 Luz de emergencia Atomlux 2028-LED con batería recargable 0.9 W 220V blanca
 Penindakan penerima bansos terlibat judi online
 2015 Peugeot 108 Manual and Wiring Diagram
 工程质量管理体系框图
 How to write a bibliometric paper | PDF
● ● ● ● ●
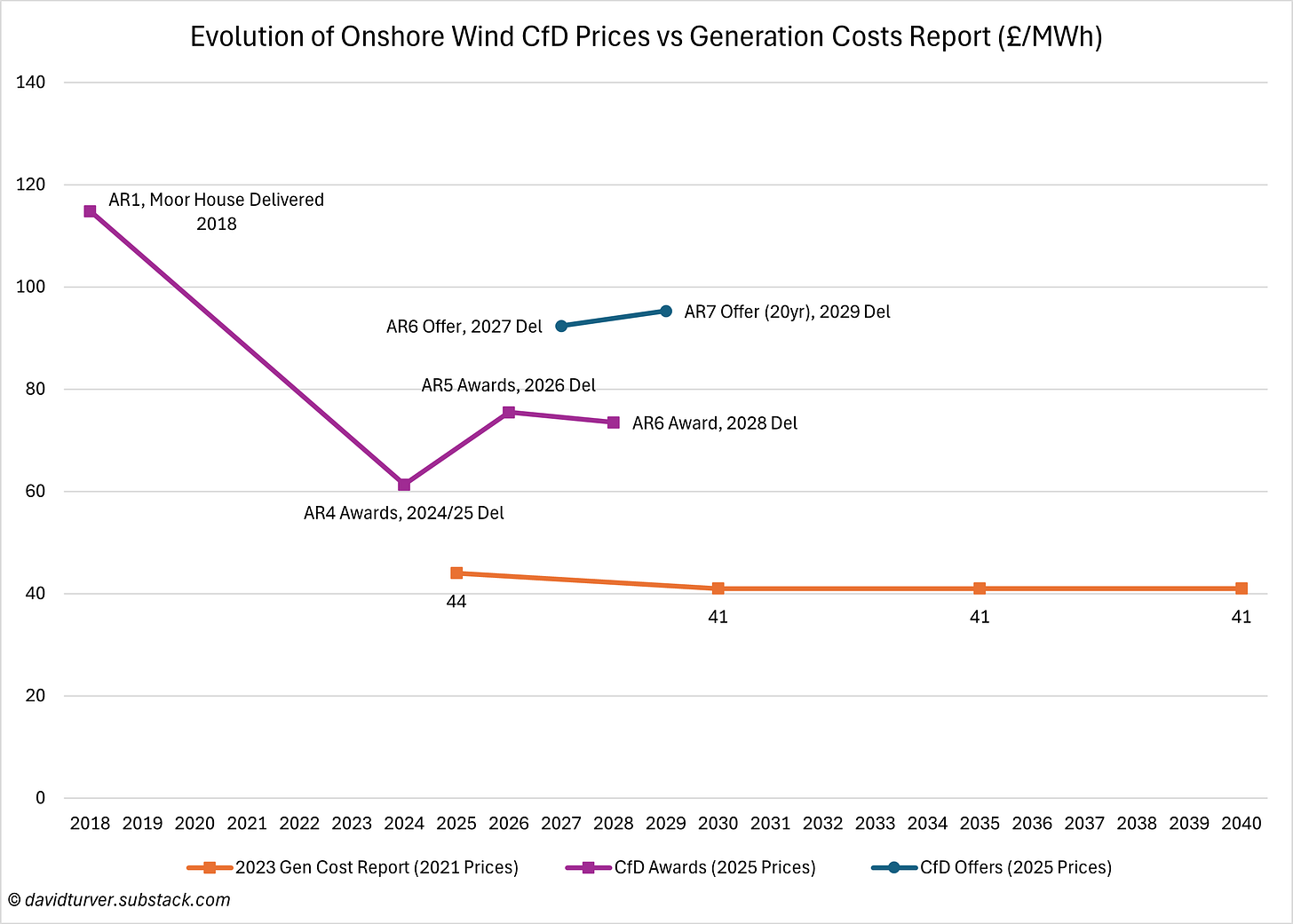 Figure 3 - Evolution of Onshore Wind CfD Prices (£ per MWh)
● ● ● ● ●
> **Task requirements**:
Begin with the line that has "Penindakan penerima bansos" in the listing above and end after the line that has "How to write a bibliometric paper | PDF"; output those lines exactly.

> **Task response**:
 Penindakan penerima bansos terlibat judi online
 2015 Peugeot 108 Manual and Wiring Diagram
 工程质量管理体系框图
 How to write a bibliometric paper | PDF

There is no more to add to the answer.